▶ [PROBLEM STATEMENT]: Nothing but the pictures should be left out when you copy the records exactly.

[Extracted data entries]
=-=-=-=-=
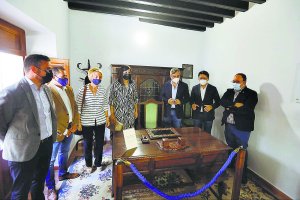 Varias autoridades políticas e historiadores estuvieron en el acto.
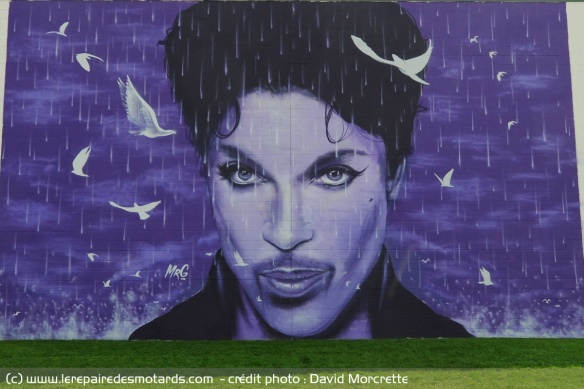 Mur peint de Prince à Chanhassen par l'artiste australien G Hoete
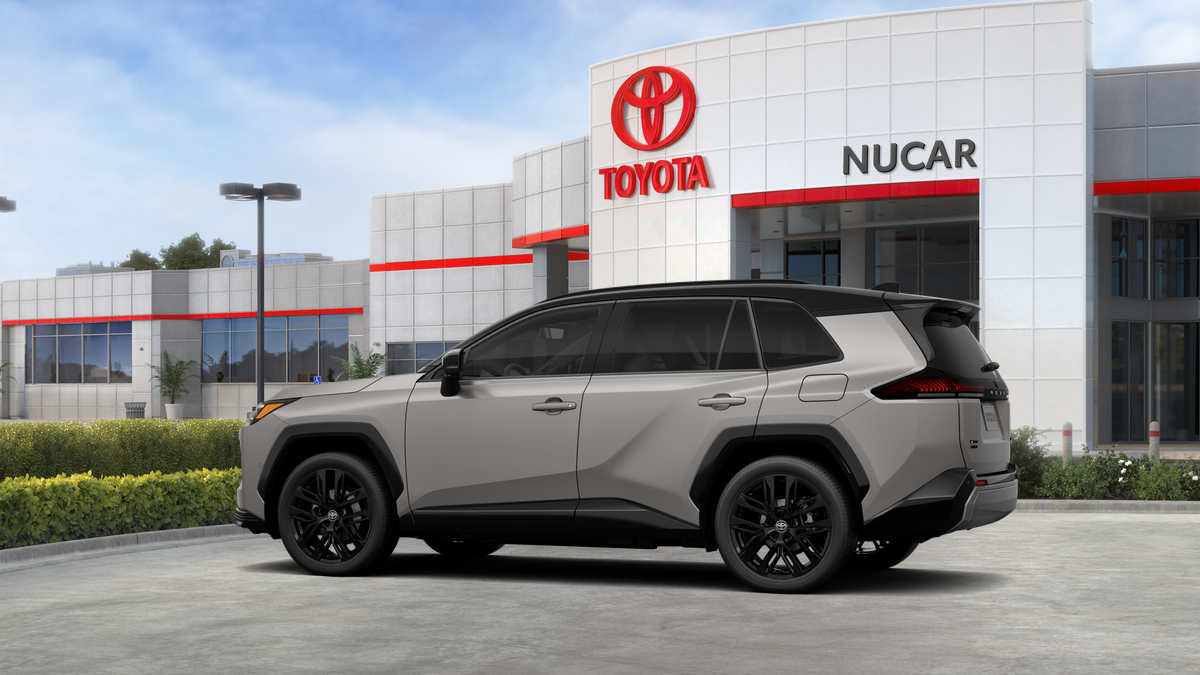 2026 Toyota RAV4 — photo 13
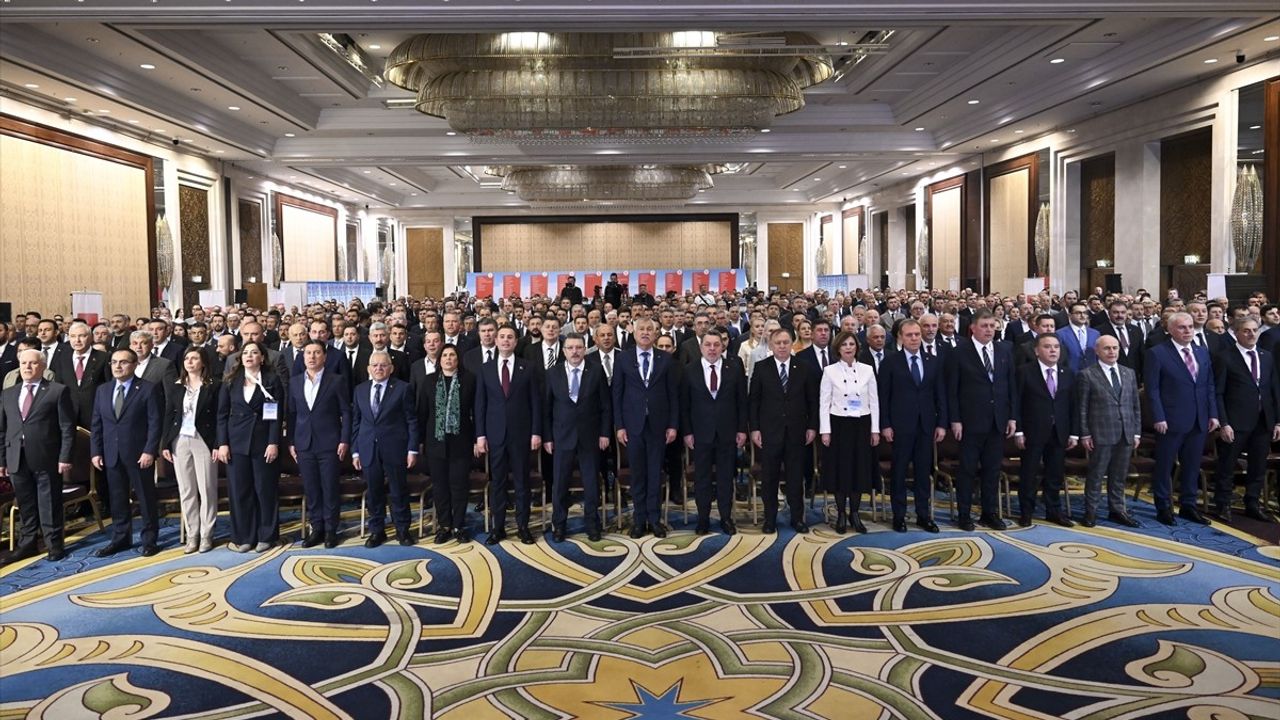 TBB Başkanvekilliği İçin Zeydan Karalar ve Ahmet Metin Genç Yarışıyor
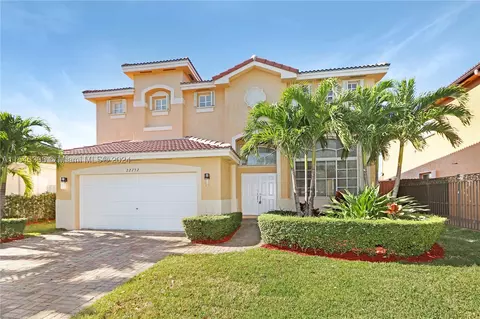 22752 SW 103rd Ct, Cutler Bay, FL 33190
=-=-=-=-=
▶ [SOLUTION FOR THIS PROBLEM]:
 Varias autoridades políticas e historiadores estuvieron en el acto.
 Mur peint de Prince à Chanhassen par l'artiste australien G Hoete
 2026 Toyota RAV4 — photo 13
 TBB Başkanvekilliği İçin Zeydan Karalar ve Ahmet Metin Genç Yarışıyor
 22752 SW 103rd Ct, Cutler Bay, FL 33190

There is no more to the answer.